Your objective. What is needed is an exact copy of the lines in the entries below from the one holding "İstanbul Gaziosmanpaşa'da Bakkal" through the one holding "Real Estate Picture 5", pictures excluded.

Supplied material.
================================

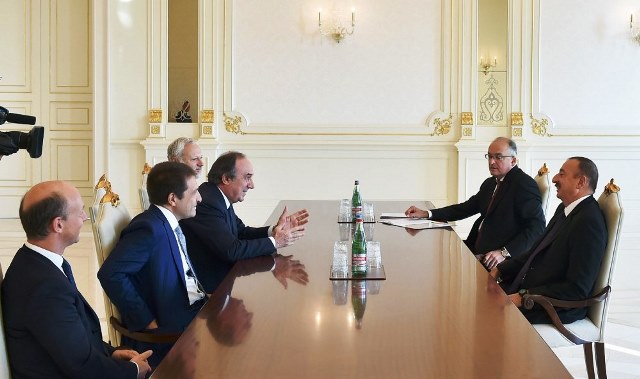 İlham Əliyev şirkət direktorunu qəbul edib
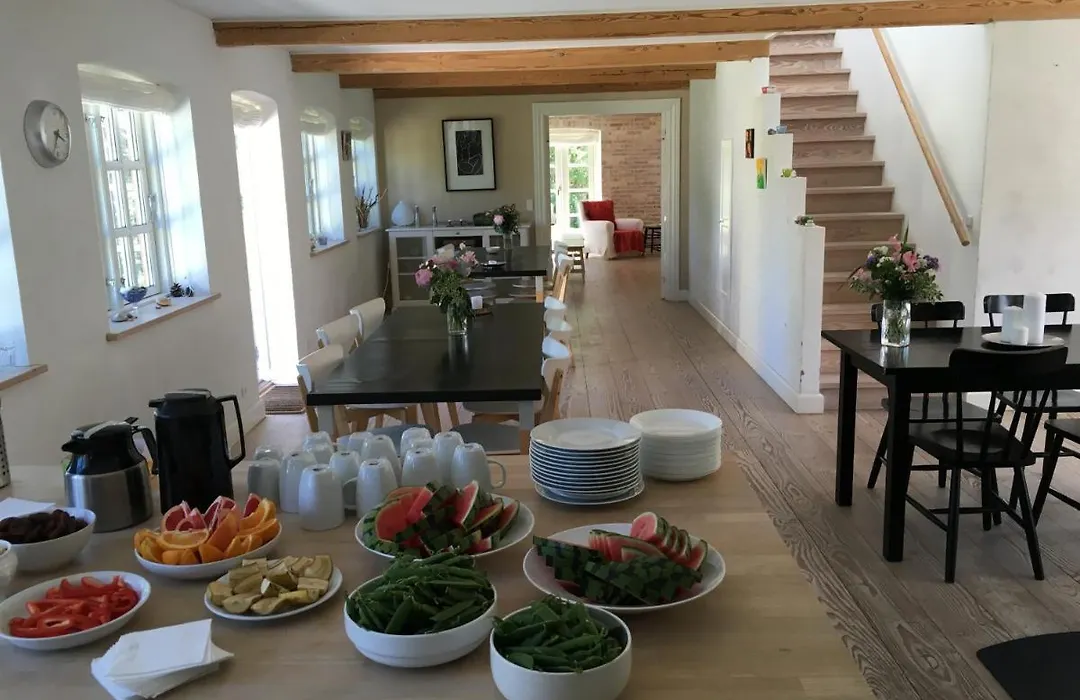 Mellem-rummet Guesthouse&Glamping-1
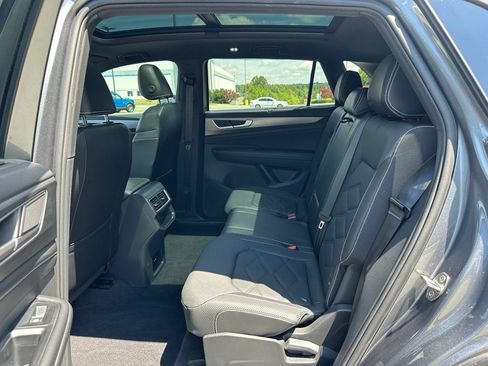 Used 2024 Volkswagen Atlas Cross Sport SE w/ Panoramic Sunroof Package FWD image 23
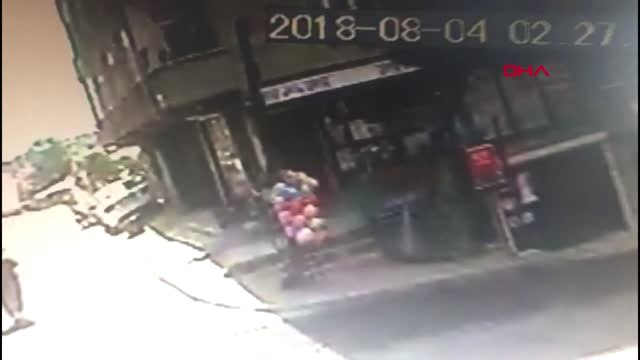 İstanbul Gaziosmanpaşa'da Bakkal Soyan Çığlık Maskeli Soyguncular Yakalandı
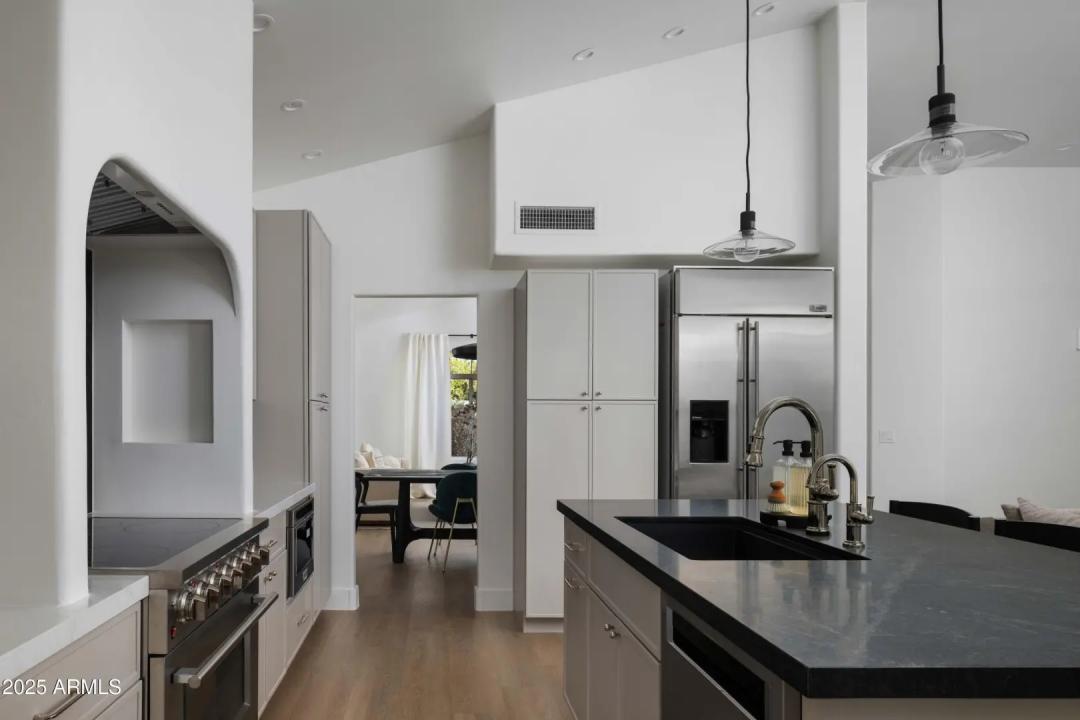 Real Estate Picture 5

================================

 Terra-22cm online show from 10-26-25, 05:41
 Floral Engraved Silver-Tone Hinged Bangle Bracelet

================================

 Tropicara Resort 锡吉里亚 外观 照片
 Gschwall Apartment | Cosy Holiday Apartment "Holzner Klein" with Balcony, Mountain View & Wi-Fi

================================

Answer to this exercise.
 İstanbul Gaziosmanpaşa'da Bakkal Soyan Çığlık Maskeli Soyguncular Yakalandı
 Real Estate Picture 5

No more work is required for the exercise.